Ike “Riot” Randolph. One-time Black God enforcer. Now married and a successful small-business owner. Buddy Lee Jenkins. A redneck slacker whose life has been divided by the gray of prison and the silver of his single-wide. When their sons are brutally murdered, Ike and Buddy Lee decide to make amends. You see, each son was loved. But each son was also rejected.

You ready for the kicker? Cause here it comes.

Ike’s son, Isiah? Buddy Lee’s Derek? They were married to each other. In doing so became the shame of their fathers. For Ike and Buddy Lee, theirs is a world where Black is black and White is white. Nothing else matters. Right? They don’t understand the pride of the modern world where love has no gender. What they do know is how to fight.

When the police investigation stalls, Ike and Buddy Lee decide to go all Southern Noir and they fight.

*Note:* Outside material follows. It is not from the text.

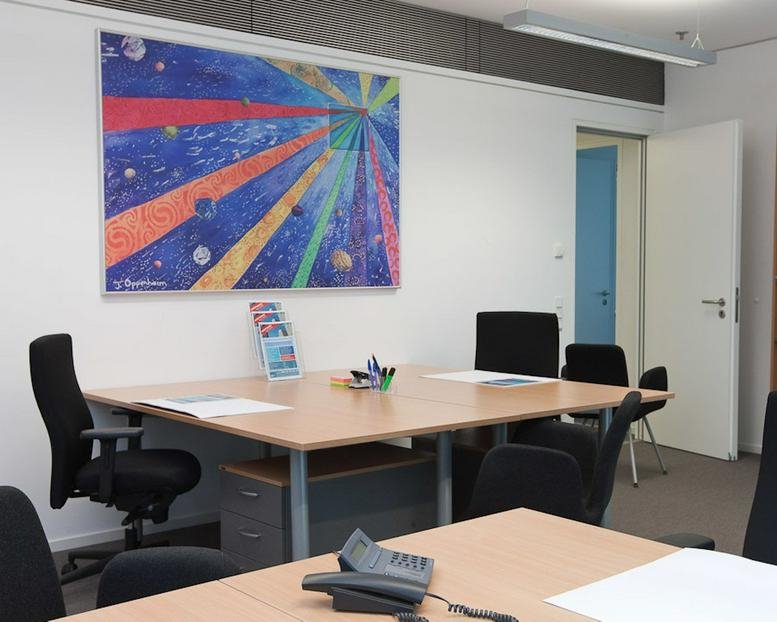 Spacious professional meeting room with a large light-wood table, black chairs, and a vibrant abstract painting.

They also learn as their quest of justice, or at least revenge, leads to truth. Truth that their love for their sons should not dictate who they slept with. Ike comes to understand there is a lot of gray between those tonal extremes. Buddy Lee realizes that Ike’s plight, a Black ex-con living in the South, comes with neon badges of danger that is as foreign to his white prejudiced upbringing as a that of a college education. And, naturally, they discover the real reason for the murder of their sons.

S.A.Cosby
S.A. Cosby

Ike’s dialogue tends to get repetitive yet it is Cosby who evidently wants such sentiments accepted. Exaltations that Black Lives Matter are continuously voiced yet unless watered those airings will become as parched as the restless desert. Cosby plays gardener to those seeds and masterfully wraps that thesis in gleaming chrome, ebony knuckles, and tears so sharp they’ll cut ya.

Cosby writes with a pulpy style relishing the contemporary while honoring the genre. The hard edges of Chandler and Cain are chased down with Lehane’s refinement while everything is smoothed over with some Mosley style. And any of the action that might have taken a backseat in Blacktop Wasteland is now behind the driver’s seat with the windshield shattered and the tachometer redder than Frank’s hot sauce.

As with Bug Montage in Blacktop Wasteland, Ike and Buddy Lee strive to be better men. To make amends for the future. To settle up with their karma of the past. Cosby’s heart bleeds on the page and every drop deserves to be caught. For out of that blood comes change and something even fiercer – redemption.


Let’s hear it for Flatiron Books who sent me the free preview. And believe it, I will be purchasing additional copies for gifts.